Inside the raw gas chamber 17 is a heat exchanger 27 which consists of numerous parallel tubes 28 which share a common inlet chamber 29 and a common outlet chamber 30. The inlet chamber 29 is connected to an inlet port 31 and the outlet chamber 30 is connected to an outlet port 32. The tubes 38 are made of good thermal conductivity Metal and are provided with fins 33 to enlarge the heat exchange surface. The heat exchanger 27 is delimited by vertical side walls 34. The walls 34 are spaced from the side walls the raw gas chamber 17. Furthermore, there is a free space above the heat exchanger 27.

From the flue gas line 18, as shown in FIG. 3 shows a line 35 to an opening 36, which is located below the heat exchanger 27 in the bottom wall of the raw gas chamber 17 is located. By means of an adjustable flap 37, the flue gas can either pass through the opening 38 in the side wall of the raw gas chamber or through the opening 36 in the bottom wall of the raw gas chamber will. If the gas is passed through the lateral opening 38, then it is removed from the tubes through the wall 34 of the heat exchanger kept away, so that it over the heat exchanger 27 and laterally on this flows past into the inlets 13 of the various cyclone cells 10. On the other hand, if the flap 37 is in a position in which the flue gas is passed into the bottom opening 36, then the hot flue gas flows to the Pipes 28 of the heat exchanger 27 along in order to heat the water located in the pipes.

The clean gas chamber 16, which is shown in FIG. 5 in horizontal section is located, as shown in FIG. 3 shows the clean gas chamber 16 above the raw gas chamber 17 also contains a heat exchanger 26. This has numerous tubes 37 ', which are also used for improvement of the heat exchange are provided with fins 33. The tubes 37 'are in the present case horizontally and are surrounded by a cylinder 38 'which is arranged coaxially inside the clean gas chamber 16 and is at a distance from its wall. The tubes 37 'rest on a base plate 39, the one Distance from a floor panel 40 of the clean gas chamber 16 has. The one between the plates 39 and the floor panel The channel formed 40 can optionally be opened or closed by a flap 41. Close the flap 41 the channel, then the clean gas introduced into the inlet port 20 flows through an opening 41 'in the base plate 39 through between the tubes 37 'of the heat exchanger 26 and leaves the heat exchanger 26 through an opening 42 in the side wall.
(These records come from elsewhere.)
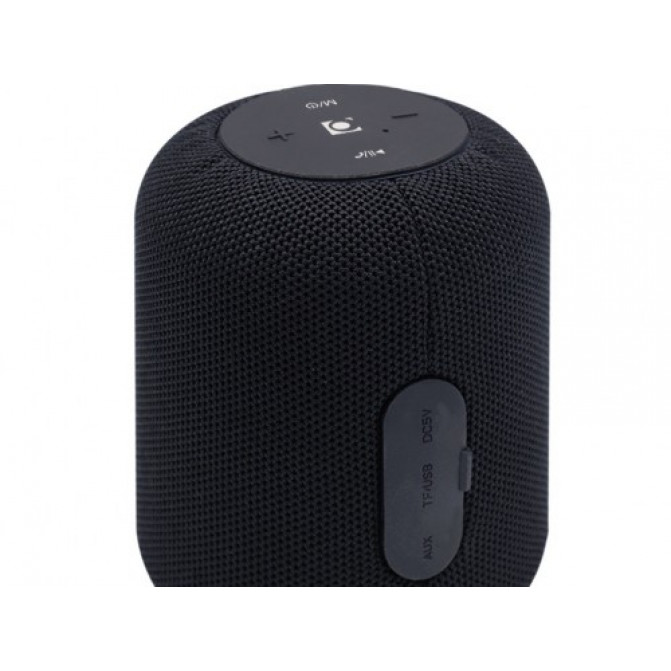 Беспроводная колонка Gembird RED,  5W RMS, Bluetooth v.5.1, Built-in microphone, microSD, FM-radio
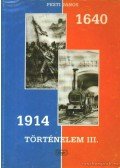 Pesti János - Történelem III.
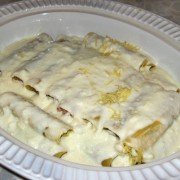 Каннеллони с фаршем шаг 7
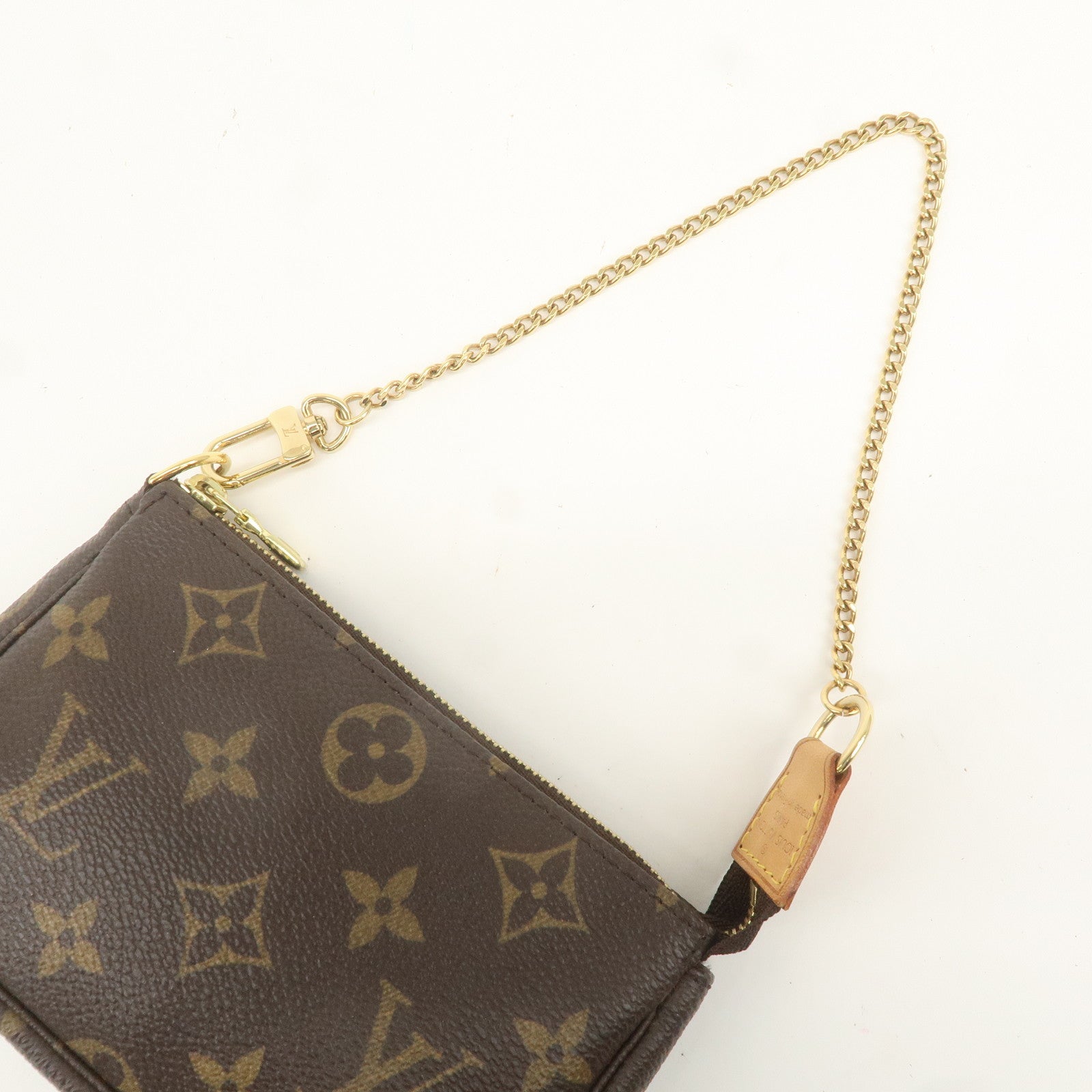 Louis Vuitton Monogram Mini Pochette Accessoires Pouch M58009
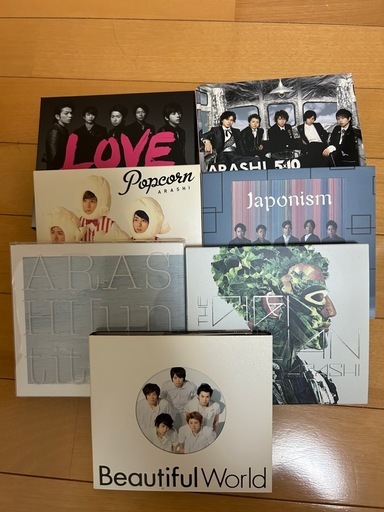 嵐　CD   DVD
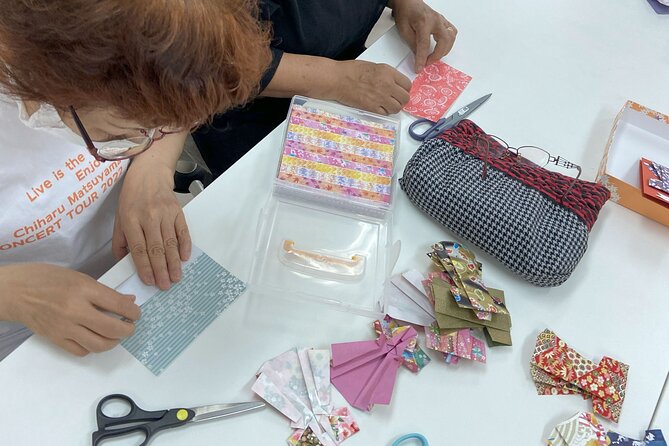 Make the One and Only Origami Kimono in the World in Osaka - Activity Overview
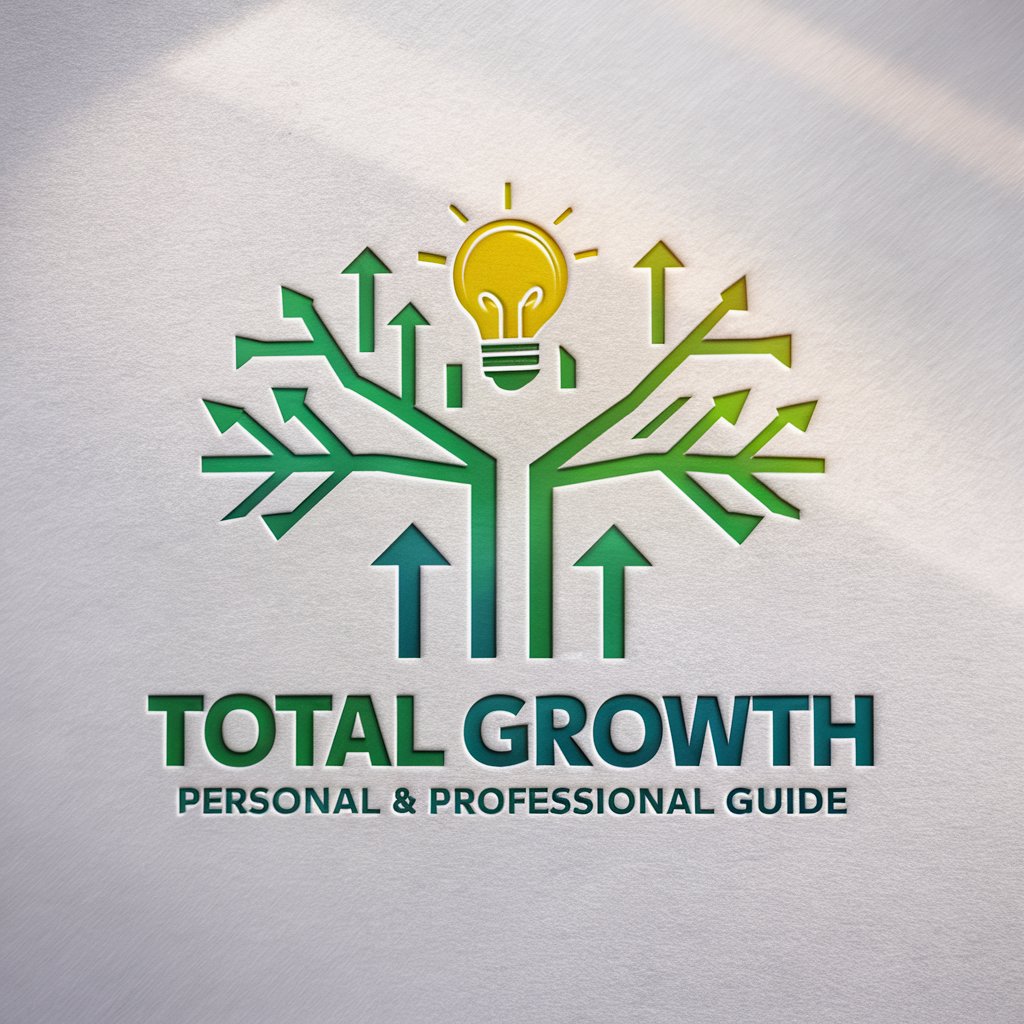 "Total Growth: Personal & Professional Guide"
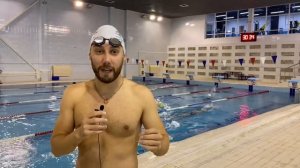 Базовые упражнения для новичков в бассейне | Александр Романов | Академия плавания Freestyle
From there, the clean gas flows into the chimney.

The two heat exchangers 26 and 27 are traversed by water, for example, and their circles can be connected in series so that the water gradually enters the clean gas chamber 16 and first is then heated in the raw gas chamber 17. Depending on the temperature of the clean gas chamber 16 leaving clean gas, the flaps 37 and 41 can be controlled.

For this purpose 3 sheets of drawings

Claims (4)

Patent claims: 1. Multi-cyclone dust collector for Flue gases, with several cyclone cells, whose inlets are connected to a common raw gas chamber are, and with at least one arranged in the raw gas chamber first heat exchanger for dissipating part of the thermal energy of the gas to a heat transfer medium, characterized in that a common Clean gas chamber (16) is provided, which is combined with the raw gas chamber (17) to form an assembly is that a second heat exchanger (26) is arranged in the clean gas chamber (16), and that the two heat exchangers (26; 27) are connected in series in such a way that the heat transfer medium flows through first the second and then the first heat exchanger 2. Multi-cyclone dedusting device according to claim 1, characterized in that the path of the gas through the heat exchanger (26; 27) with the inclusion of a bypass channel depending on can be blocked by the gas temperature. 3. Multi-cyclone dedusting device according to claim 1 or 2, characterized in that each Heat exchanger (26; 27) only part of the volume of the raw gas chamber (17) or the clean gas chamber (16) occupies and is bounded by an impermeable wall that is attached to two at a distance from each other is open. 4. Multi-cyclone dedusting device according to one of claims 1 to 3, characterized in that that the raw gas chamber (17) and the clean gas chamber (16) have openings for the connection on their side walls the raw gas inlets (13) or the clean gas outlets of the cyclone cells (10).